May 02, 2006

Night

During my flight home on Sunday I read the most moving book, Night by Elie Wiesel.

I picked up the book as a friend (Lori C.) and I were walking through Target in WA. She stated that she read it in three hours and loved it. So I decided to pick it up for the flight home. Little did I know just how gut-wrenching this book would be.

Once I picked it up I couldn’t put it down. I felt as though Elie Wiesel was sitting in front of me giving his account of these events. I cringed when Moshe the Beadle gave his account of the being transported out of the city for not having proper identification.

Moshe goes from one Jewish household to the next telling his story. "Jews, listen to me. It's all I ask of you. I don't want money or pity. Only listen to me" (17). The cattle train crossed the border into Poland, he tells them, where it was taken over by the Gestapo, the German secret police. The Jews were singled out, transferred to lorries, and driven to the forest in Galicia, near Kolomaye, where they were forced to dig pits. When they had finished, each prisoner had to approach the hole, present his neck, and was shot. Babies were thrown into the air and used as targets by machine gunners. Moshe tells them about Malka, the young girl who took three days to die, and Tobias, the tailor who begged to be killed before his sons; and how he, Moshe, was shot in the leg and taken for dead. But the Jews of Sighet would not listen.
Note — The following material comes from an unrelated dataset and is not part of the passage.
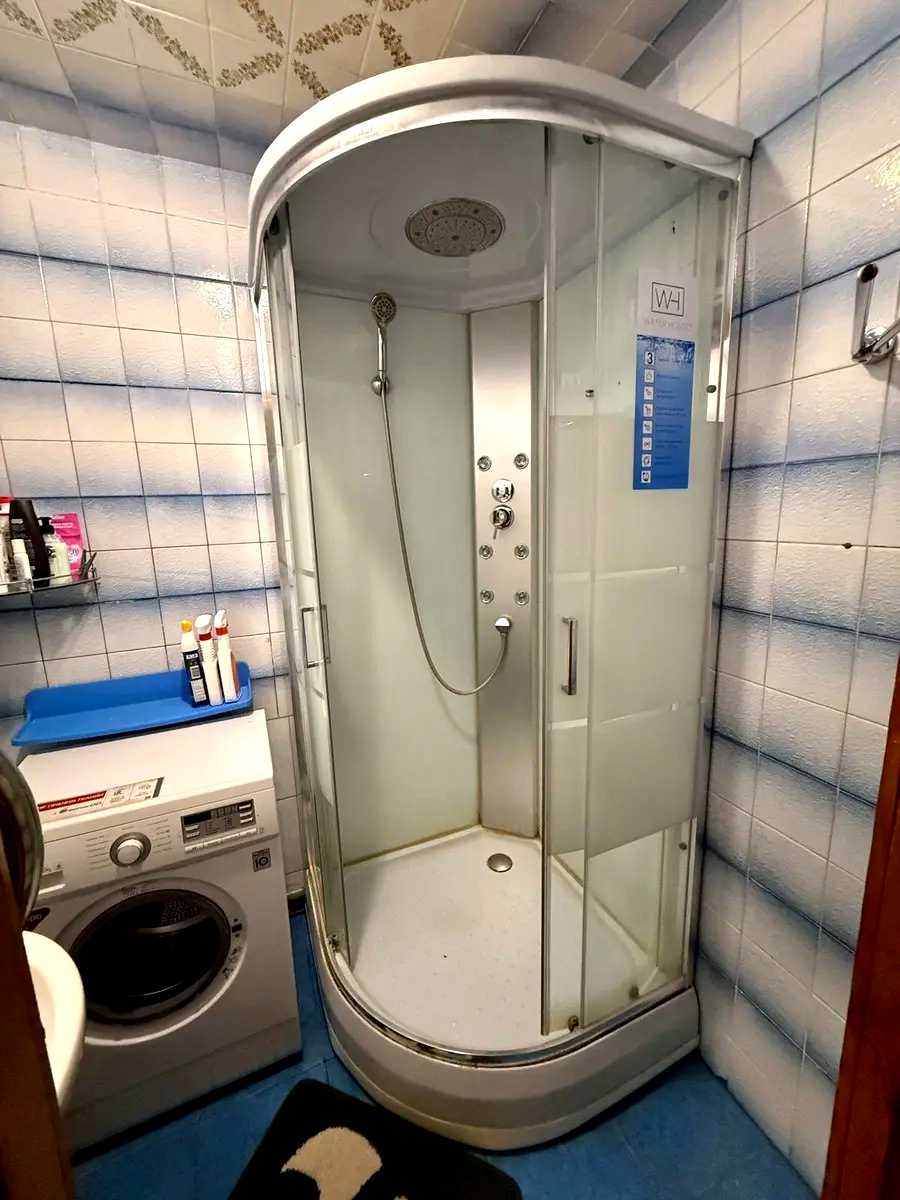 1873396242790313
I cried when I read of the torment that he felt over his father. He loved and respected his father so much, yet faced with the basic needs of his own survival he couldn’t help but feel his father was a burden, dragging him down and threatening his ability to survive another day.

An alert sounds, the camp lights goes out, and Wiesel, exhausted, follows the crowd to the barracks, leaving his father behind. He wakes at dawn on a wooden bunk, remembering that he has a father, and goes in search of him.
But at that same moment this thought came into my mind. Don't let me find him! If only I could get rid of this dead weight, so that I could use all my strength to struggle for my own survival, and only worry about myself. Immediately I felt ashamed of myself, ashamed forever. (101)
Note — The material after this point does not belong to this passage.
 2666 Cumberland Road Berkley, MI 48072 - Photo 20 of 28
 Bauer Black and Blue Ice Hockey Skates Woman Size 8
How did these people find the strength and will to go on after days of pain, filth, despair, humiliation and degradation? Could I have that kind of will-power in the face of such evil or would I pray for the peace death would bring me? Would I be a devoted child or would I submit to my own human needs and resent those who were weaker and depended upon me?

In the morning, January 29, 1945, Eliezer finds another invalid lying in his father's place. The Kapos had come before dawn and taken him to the crematorium, possibly still alive.
His last word was my name. A summons, to which I did not respond.
I did not weep, and it pained me that I could not weep. But I had no more tears. And, in the depths of my being, in the recesses of my weakened conscience, could I have searched for it, I might perhaps have found something like — free at last! (106)
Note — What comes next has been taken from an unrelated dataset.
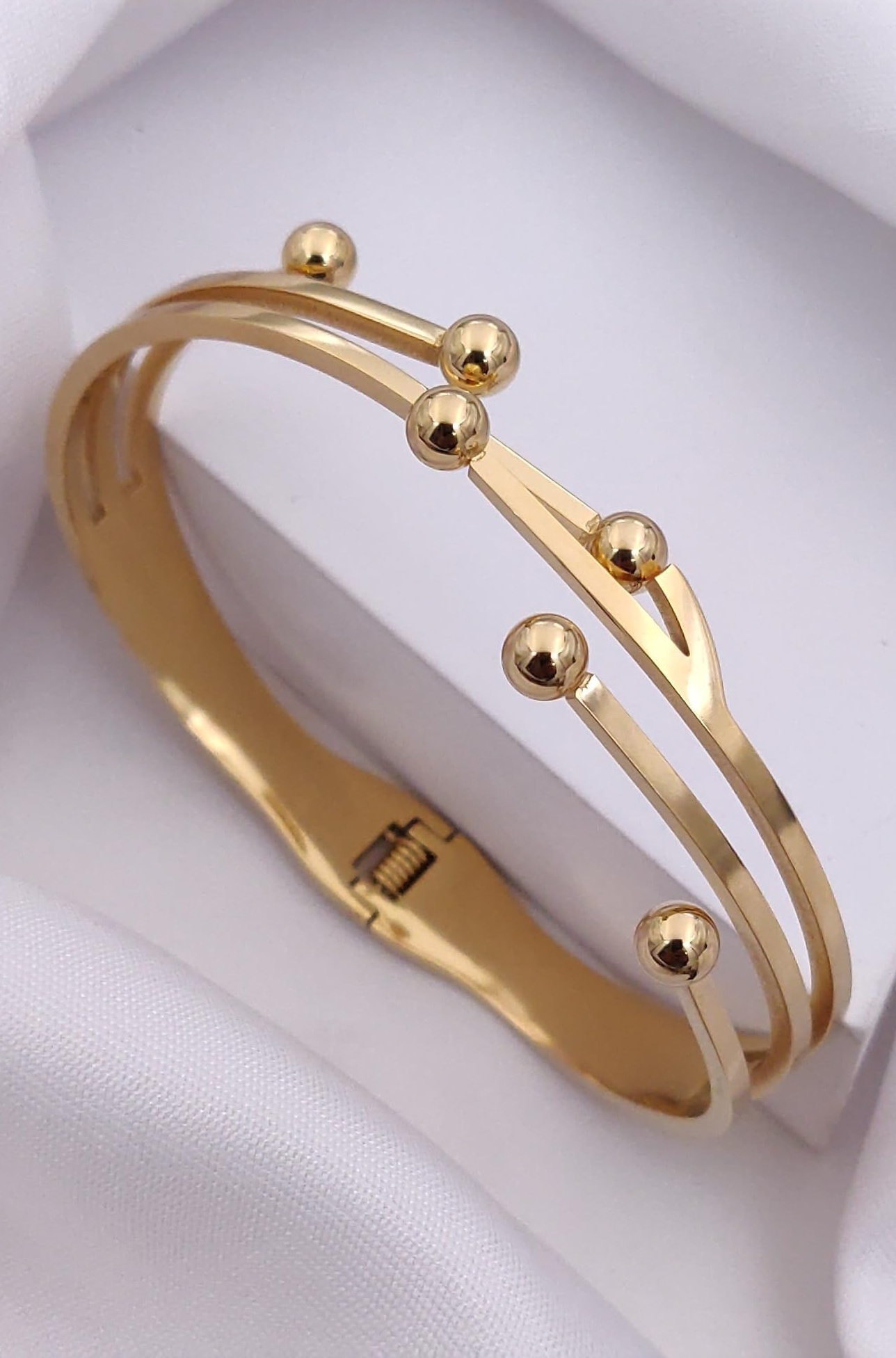 Gold-Plated Fashion Women’s Bracelet Gifting, Parties, and Casual Outfits Wrist Accesssory Fashionable Jewelry for Modern Looks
I hope to never be faced with nightmare that was 1941-1945.

I encourage everyone to read this book and in turn encourage many more to read it. It teaches a lesson that we all must never forget, but must always remember.

3 comments:

Erin said...

Dang it, Vonn! I'm ordering a copy of this now. Sarah, The Girl, Kelly and I just had a conversation about this at knitting the other day. All the books I read in high school, I hated...and this was one of them. But Sarah said it's different when you HAVE to read something, as opposed to wanting to. So now I'm ordering all the classics I was forced to read, hoping that I've grown up enough to take something from them...and enjoy them! Thanks for stretching me a bit...

:)

Vonn** said...

This was not on our required reading list in high school, but I probably would have hated it then too. It is truly a great book and such a quick read. It packs a big punch.

Good to know that we are all in sync with so many miles between us......Let me know how you like it.

Jen said...

I'm in sync too! I picked that same book up at Target before we started our drive to WA. (About a week before you posted this). Several of my friends had a Holocost class in college and recommended the book to me. Elie Wiesel even came and spoke at my school, and I went to see him talk - but I just never got around to reading the book until now. Too bad we can't get the book club back together at the Bayrisch Irish!